A report published by Britain’s Commission for Integrated Transport on February 8 makes ’a persuasive case’ for ’a fresh look now at the future role for high speed rail.’ CfIT’s remit is to advise on transport policy, and the Chairman Professor David Begg urged government to start looking seriously at building lines for 320 km/h trains between major cities.

Apart from the partially-completed Channel Tunnel Rail Link to London, UK policy has been to upgrade inter-city lines for 200 km/h. However, the extraordinary cost and disruption of the West Coast Main Line modernisation has graphically illuminated the false economy of this approach.

Professor Begg believes new lines offer much better value and add far more capacity than upgrades. He says the London - Birmingham - Manchester - Glasgow, London - Leeds - Newcastle - Edinburgh, and London - Bristol - Cardiff corridors offer the volumes required over optimum distances for competing with road and air.

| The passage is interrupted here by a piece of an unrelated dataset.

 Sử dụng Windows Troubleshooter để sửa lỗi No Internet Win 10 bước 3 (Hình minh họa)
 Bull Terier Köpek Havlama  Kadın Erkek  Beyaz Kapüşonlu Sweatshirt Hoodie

Consultants Steer Davies Gleave examined appraisal techniques and construction costs in France, Spain, Germany, Italy and Japan for CfIT. One important conclusion is that the cost of constructing new lines in Britain is far higher than it should be. CTRL is the most expensive high speed line to be constructed anywhere in the world (right), despite a much lower proportion in tunnel (25%) than several Shinkansen routes.

SDG estimates that even under the UK’s cumbersome rail industry structure, the cost of high speed lines should be 30% lower. For example, professional staff costs absorb 25% of total project costs on Britain’s railways, and were even higher on CTRL. On the recently opened Madrid - Lleida line (RG 11.03 p682), where the cost per km is 13% of CTRL, infrastructure authority GIF put professional costs at around 3%.

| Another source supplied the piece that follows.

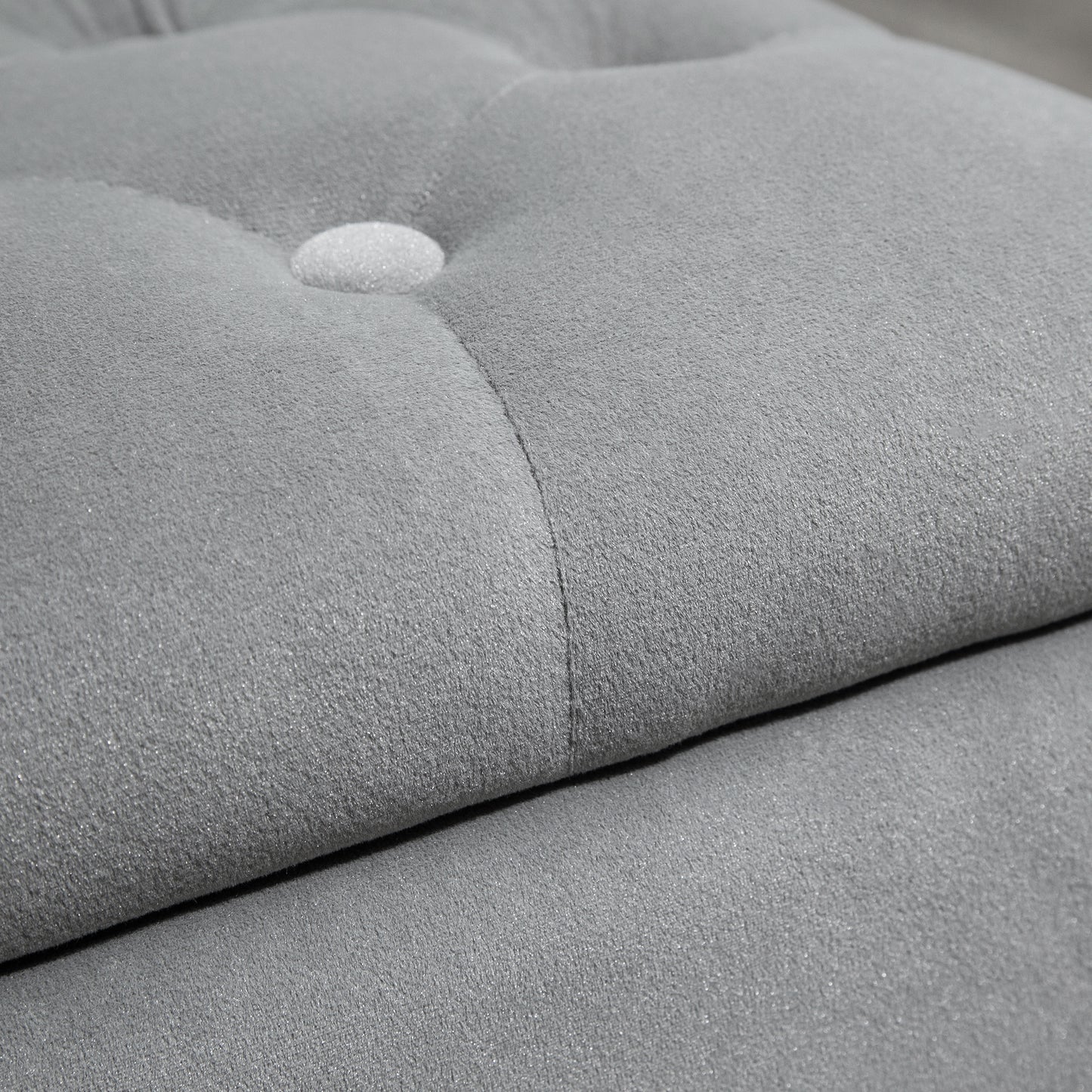 Opbergbank – Opbergkist – Zitbank – Krukjes – Lichtgrijs – Hardhouten Frame – Microfiber Bekleding – Opbergruimte – 130 Kg Draagvermogen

Last year, an appraisal of high speed options from London to Scotland - including partial use of upgraded lines - was undertaken for the Strategic Rail Authority by WS Atkins. SDG has reviewed and adapted this basic work, which currently shows benefit:cost ratios around 2. SDG reckons that if the UK used costs and appraisal criteria applied elsewhere in Europe, ratios in the 3 to 4 range are possible.